Throughout Samuel, David is presented as a new Jacob, a new Israel. And that too forms part of the background of 1 Kings 1. Like Jacob, David “bows on his bed” (1 Kings 1:47; Genesis 47:31), after he has made arrangements for the future. In this context, Adonijah is the new Reuben, the oldest son who is displaced from preeminence for going up to his father’s bed.

The bed chamber is private. A decision is made in secret, but the private decision is eventually proclaimed in the open. This is the movement in various places in Kings (pay attention to the “closed door”), and anticipates the public-private distinction that we find in the gospels, especially Mark.

Finally, there is a connection between the bed scene of 1 Kings 1 and the scene involving Jehoiachin in 2 Kings 25. The bed is a deathbed, analogous to the grave, where men are laid out horizontally in the earth from which they came. The fact that David’s kingdom is preserved from his deathbed points to the revival of the Davidic dynasty during exile. Exile is a death; Babylon is a grave; and Jehoiachin is in the even more grave-like condition of imprisonment. But the Davidic dynasty does not end in the grave; it will be brought from the tomb of exile, on the third day.
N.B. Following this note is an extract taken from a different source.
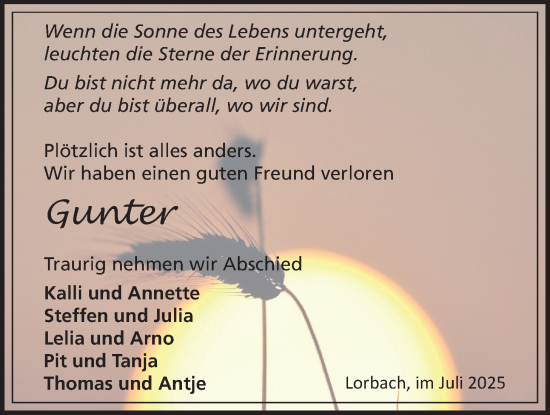 Traueranzeige von Gunter Wiltheiß von Kreis-Anzeiger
2) Royal beds in Kings are often deathbeds. David is dying on his bed; Ahaziah is injured and never comes down from the bed on which he has gone up; Hezekiah lies down and turns his face to the wall when he thinks he is going to die (2 Kings 20). In the last two cases, the ultimate outcome is radically different. From his bed, Ahaziah seeks the help of Baal-zebul, and instead hears an oracle from Elijah (the “Baal of hair”) that he will die on his bed (2 Kings 1). Hezekiah, by contrast, prays, and receives an encouraging oracle from the prophet Isaiah (2 Kings 20). Dying kings who seek help from prophets are revived; kings who seek help from idols die. (This is not always the case; Jeroboam seeks out the true prophet Ahijah when his son is ill, 1 Kings 14, and Ben-Hadad asks for help from Elisha; both Jeroboam’s son and Ben-Hadad die in bed.)

3) The power of prophets is underscored by two bed scenes involving Elijah and Elisha. Both raise boys to life by lying them on their own beds and stretching out on them (1 Kings 17; 2 Kings 4). The beds of prophets are life-giving, fruitful. That is why Ahaziah should have sought the Baal of hair instead of the Baal of Ekron: Because Elijah knows how to raise up the dead from their beds. When we mix in the bed-grave-exile connection, the message to the original exilic readers of Kings is evident: Those who “make their beds” with the prophets will be revived from the grave, the deathbed, of exile. Those who go after the gods of the nations will die on the bed where they have gone up. This is also part of the message of the story of the man of God and the old prophet (1 Kings 13): The old prophet wants to join the man of God in his bed/grave, so that his bones will be preserved.

4) Joash provides an interesting variation on this theme. When Athaliah goes on a rampage killing the royal seed, Joash (like Moses) is hidden away in a bed chamber. The bed chamber thus becomes a place of protection and security, though it is equally a kind of “grave” from which Joash emerges in the seventh year in a resurrection of the Davidic dynasty.